‘- Зачем ты это, Яков, стучишь? Кто тебя слышит? Ведь никого нет! — сказал я…
Яков вскинул на меня своими большими глазами и в голосе его, как он отвечал, слышалась какая-то обрядная важность.
— Стою за Бога, за великого Государя, за Христов закон, за святое крещение, за все отечество и за всех людей… Обличаю начальников, начальников неправедных обличаю… Стучу’ {В. Г. Короленко. ‘В подследственном отделении’.}.
Так говорил старый арестант Яшка, отправляемый начальством в дом умалишенных.
Я цитирую бытовую сцену, списанную когда-то Владимиром Галактоновичем с натуры. Рассказ ‘В подследственном отделении’ не имел символического смысла, да, в сущности, не мог иметь. Но теперь, оглядываясь на закончившуюся жизнь Короленко, мы едва ли не вынуждены повторить те же слова:
‘…Кто тебя слышит? Ведь никого нет…’
Ибо (если говорить о прямом результате), разве не было одинаково безнадежным делом, — обличая неправедных начальников, ‘за все отечество’ стучать на Департамент полиции, и ‘за Христов закон’ стучать на чрезвычайку. Людей усердно казнили после статьи ‘Бытовое явление’, как казнили до нее, а письма Владимира Галактионовича к Луначарскому даже не были опубликованы в советской прессе.
Все слова сказаны о положении, которое занимал скончавшийся знаменитый писатель в том, что называют русской ‘общественностью’. Такого положения не занимал у нас никто со дня смерти Н. К. Михайловского. Толстой стоял особняком. Он был для ‘общественности’ слишком солист и слишком огромный человек. Владимира Галактионовича называли часто совестью русского народа. Незачем себя обманывать: народ его не знал, не знает и, вероятно, не скоро будет знать. Короленко весь целиком принадлежал русской демократической интеллигенции, тому, что в отчетах Государственных дум имело общее название ‘левого сектора’. В былые, далекие, давно минувшие времена — несколько лет тому назад — ‘левый сектор’ составлял девять десятых образованной России. Здесь имя Короленко стояло на огромной, недосягаемой высоте.

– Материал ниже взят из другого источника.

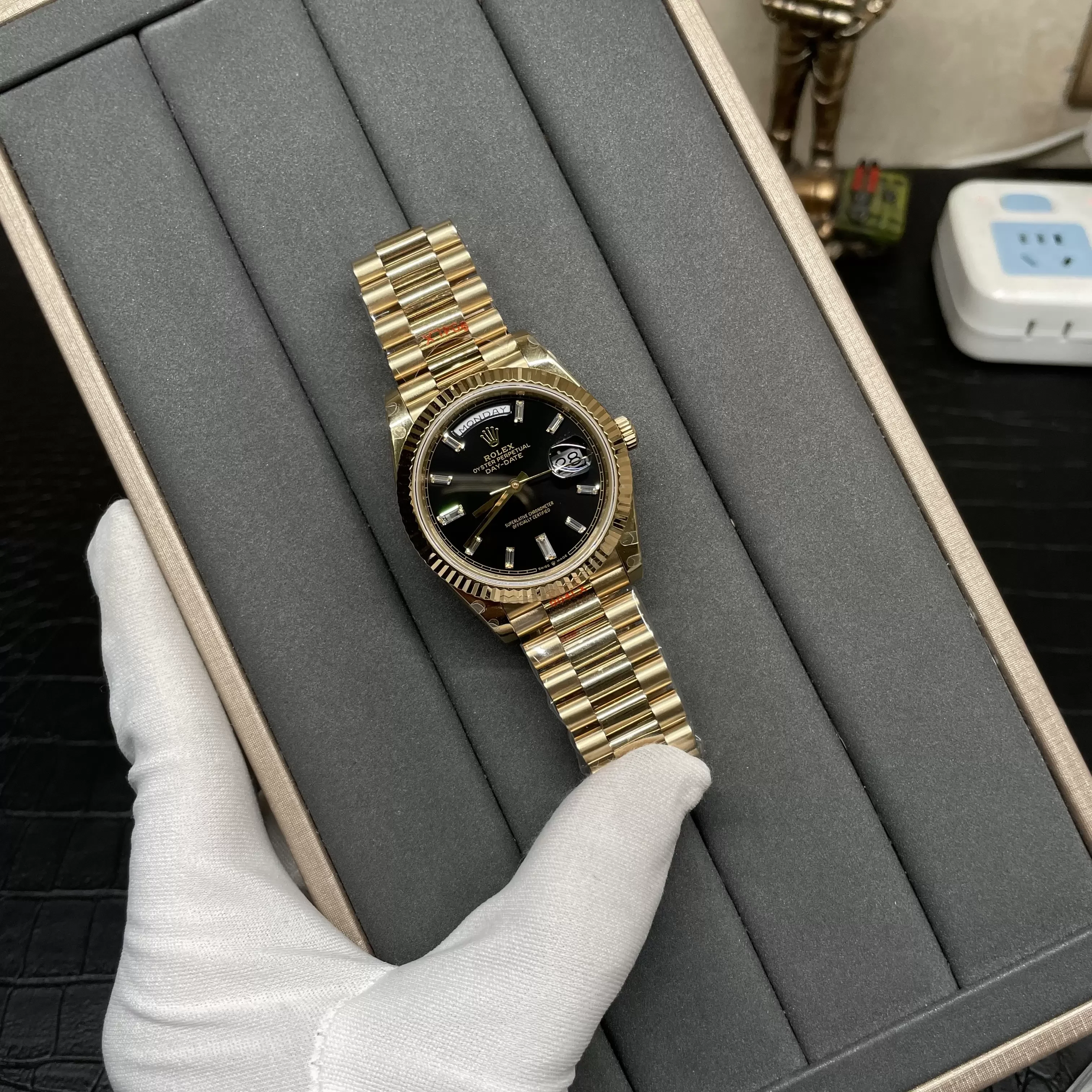 GM공장 V3 롤렉스 데이데이트 블랙 다이아 다이얼 로즈골드 금통 40mm 228235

Этот человек, так справедливо считавшийся символом гражданской чести и литературного достоинства, не был, разумеется, политическим деятелем. Он не состоял ни в какой партии, хотя приближался по взглядам к народным социалистам. В 1917 году некоторые круги Петербурга выдвигали его кандидатуру на пост президента Российской Республики, — ведь и передовая Германия еще совсем недавно лелеяла мысль об аналогичной кандидатуре Герхарда Гауптмана. Может быть, в другой исторической обстановке, ‘через 200-300 лет’, будут возможны такие президенты республик. В наш век Людендорфов, Ллойд Джорджей и Лениных мысль о государстве Короленко способна вызвать усмешку. Так далек был внутренне Владимир Галактионович от всего того, что произошло в мире за последние восемь лет. Великая война с двойной перспективой — Дарданелл и солдатского бунта — его совершенно оглушила, из двух возможностей знаменитой столыпинской дилеммы его нисколько не привлекала ни одна: ему не нужны были ни ‘великие потрясения’ в духе 1918 года, ни ‘великая Россия’ в духе 1914-го. Но, оглушенный событиями, он все-таки повторял — без прежней, впрочем, уверенности — свое страстно любимое ‘чудесное двустишие’:
На святой Руси петухи кричат,
Скоро будет день на святой Руси.
В его искусстве — большое очарование, секрет которого трудно уловить, а определить еще труднее. Художник он был неровный — при всем своем выдающемся таланте. Некоторые его произведения — подлинные шедевры литературы, другие, как прославленный рассказ ‘Чудная’, очень слабы. В ‘Истории моего современника» есть поистине превосходные главы, но есть и такие, которые можно было бы опустить без всякого ущерба для книги. Искусству Короленко вредили достоинства его души и недостатки его школы. Он был слишком мягок, слишком любил и уважал людей, для того чтобы стать великим писателем: настоящие цари литературы, как великие исторические цари, должны быть суровы. Толстой в очень многий главах ‘Воскресения’ и ‘Хаджи-Мурата’ (не говоря о более ранних его творениях) совершенно забывал свои христианские чувства: он прокладывал свою дорогу огнем и мечом. Короленко, который никогда не выступал с проповедью противления злу добром, был неизмеримо мягче Толстого. А зла он, пожалуй, мог видеть на своем веку больше, чем Лев Николаевич. В его произведениях есть воры, картежники, убийцы, но нет ни одного подлеца. Даже в самых меланхолических его рассказах чувствуется та ‘скорбь без мучений’, которой, если верить Данте, дышит первый, самый приятный, круг Ада. Да, в сущности, и ‘скорби без мучений’ у Короленко немного. Ведь в конце его рассказов неизменно появляются ‘огоньки’ или, как говорит его Сократ: ‘Друг, свет уже мелькает’. Это, впрочем, особенность той школы, к которой принадлежал Короленко, польской литературы, которой он очень многим обязан. Но благодаря его большому таланту, однообразие ‘мягких теплых тонов’ у него утомляет меньше, чем у Пруса, Ожешко, даже чем у Сенкевича народных рассказов.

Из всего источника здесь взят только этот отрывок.